Manton is in the Sierra Mountains in the north east of the state of California. The principle peak is Mount Larsen, a volcano with four peaks. The country is fenced off into a massive state park, but the towns are mixed farming and residential.

It is breath-takingly beautiful.

Route 44 with Mt Larsen in the far background

Deer are plentiful on the MantonShingletown Road, but it’s unlikely she’s seen an Australian before!

The town of Manton has about 750 residents but only a handful of homes are near the pub and diner at the crossroads which pretty much makes up the town. There’s a power company depot, school, and a tiny post office.

There were some other buildings but a fire raced through the edge of town three years ago and destroyed them. There is still evidence of one fire burned out building on the main road.

The land benefits from the volcanic activity which dominates the areas geology/geography. There are enough rocks to create an industry of collecting and packing them for metropolitan landscapers.

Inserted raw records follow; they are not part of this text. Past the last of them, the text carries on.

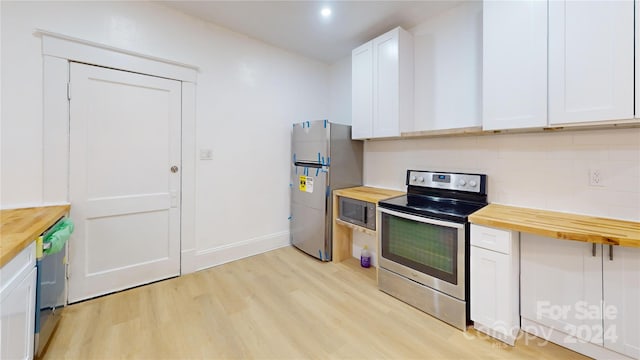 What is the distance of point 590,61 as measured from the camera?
1.48 m

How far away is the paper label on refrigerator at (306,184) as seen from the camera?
3056 millimetres

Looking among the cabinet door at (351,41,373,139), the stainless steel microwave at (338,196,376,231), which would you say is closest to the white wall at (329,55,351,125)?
the cabinet door at (351,41,373,139)

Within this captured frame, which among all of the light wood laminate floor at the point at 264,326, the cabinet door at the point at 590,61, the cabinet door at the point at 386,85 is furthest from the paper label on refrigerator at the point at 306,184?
the cabinet door at the point at 590,61

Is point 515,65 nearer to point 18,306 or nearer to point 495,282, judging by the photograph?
point 495,282

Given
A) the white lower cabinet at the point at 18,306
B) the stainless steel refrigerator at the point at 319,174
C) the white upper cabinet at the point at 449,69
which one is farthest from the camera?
the stainless steel refrigerator at the point at 319,174

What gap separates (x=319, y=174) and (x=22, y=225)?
2265 millimetres

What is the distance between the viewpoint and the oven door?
181cm

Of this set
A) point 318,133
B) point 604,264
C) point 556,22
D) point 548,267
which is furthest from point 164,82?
point 604,264

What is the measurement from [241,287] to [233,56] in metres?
2.45

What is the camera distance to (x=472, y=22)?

The fire started a few miles west of the town on Ponderosa Way, headed north and then west, when it threatened the much bigger settlements of Shingletown and two dormitory developments – one called Lake Macumber where there are about 200 homes around a river. Each is embedded in the timber. The fire fighters headed the fire away from the vilages and were hoping Highway 44, which is the most prominent roadway in the region, would act as a fire break.

Typical of the homes in the sub divisions

All up 3000 people needed to be evacuated from the area, and the fire raged for ten days. It destroyed 53 residences and 81 outbuildings, injured seven people and razed 27,626 acres (10,700 hectares) . At its height more than 60 fire trucks, supported by airiel tankers and water bombers were called in to head the fire away from the sub divisions.